── INPUT DATA
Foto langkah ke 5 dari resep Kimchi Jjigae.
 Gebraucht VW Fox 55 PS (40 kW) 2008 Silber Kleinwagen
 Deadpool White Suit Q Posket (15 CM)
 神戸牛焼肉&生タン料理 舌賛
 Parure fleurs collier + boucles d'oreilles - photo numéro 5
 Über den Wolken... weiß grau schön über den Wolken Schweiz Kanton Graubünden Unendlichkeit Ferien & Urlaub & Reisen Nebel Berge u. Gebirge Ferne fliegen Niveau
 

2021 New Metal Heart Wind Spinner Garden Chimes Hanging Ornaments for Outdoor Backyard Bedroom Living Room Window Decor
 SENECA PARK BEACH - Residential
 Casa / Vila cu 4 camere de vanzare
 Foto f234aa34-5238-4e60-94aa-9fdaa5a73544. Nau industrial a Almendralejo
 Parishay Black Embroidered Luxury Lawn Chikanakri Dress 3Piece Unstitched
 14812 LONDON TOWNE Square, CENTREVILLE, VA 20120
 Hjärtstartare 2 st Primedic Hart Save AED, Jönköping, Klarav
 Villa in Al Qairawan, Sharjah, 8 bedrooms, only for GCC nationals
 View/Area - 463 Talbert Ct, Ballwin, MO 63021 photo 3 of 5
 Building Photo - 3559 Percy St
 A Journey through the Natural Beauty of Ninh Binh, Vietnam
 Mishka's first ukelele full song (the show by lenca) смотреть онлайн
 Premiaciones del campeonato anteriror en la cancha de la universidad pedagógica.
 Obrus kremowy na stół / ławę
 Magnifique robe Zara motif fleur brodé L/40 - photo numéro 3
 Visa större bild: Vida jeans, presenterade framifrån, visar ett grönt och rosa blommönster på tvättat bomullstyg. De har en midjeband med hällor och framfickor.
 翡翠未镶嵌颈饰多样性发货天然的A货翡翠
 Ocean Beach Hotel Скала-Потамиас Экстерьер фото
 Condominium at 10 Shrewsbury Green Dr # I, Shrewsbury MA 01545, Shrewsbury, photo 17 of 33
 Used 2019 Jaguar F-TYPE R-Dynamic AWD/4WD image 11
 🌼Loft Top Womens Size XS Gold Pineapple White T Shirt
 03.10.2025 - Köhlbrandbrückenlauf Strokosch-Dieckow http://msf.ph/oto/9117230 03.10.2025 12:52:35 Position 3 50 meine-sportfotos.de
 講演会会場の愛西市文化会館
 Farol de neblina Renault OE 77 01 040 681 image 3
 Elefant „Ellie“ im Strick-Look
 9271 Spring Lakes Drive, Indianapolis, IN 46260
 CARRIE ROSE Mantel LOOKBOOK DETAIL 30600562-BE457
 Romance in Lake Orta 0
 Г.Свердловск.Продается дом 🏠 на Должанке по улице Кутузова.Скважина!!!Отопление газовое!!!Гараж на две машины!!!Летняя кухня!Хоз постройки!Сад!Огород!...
────
**TASK REQUIREMENTS:** Look over the entries above and tally the lines containing the string "numéro"; the answer is that total only.

**ANSWER TO THE PROBLEM:** 2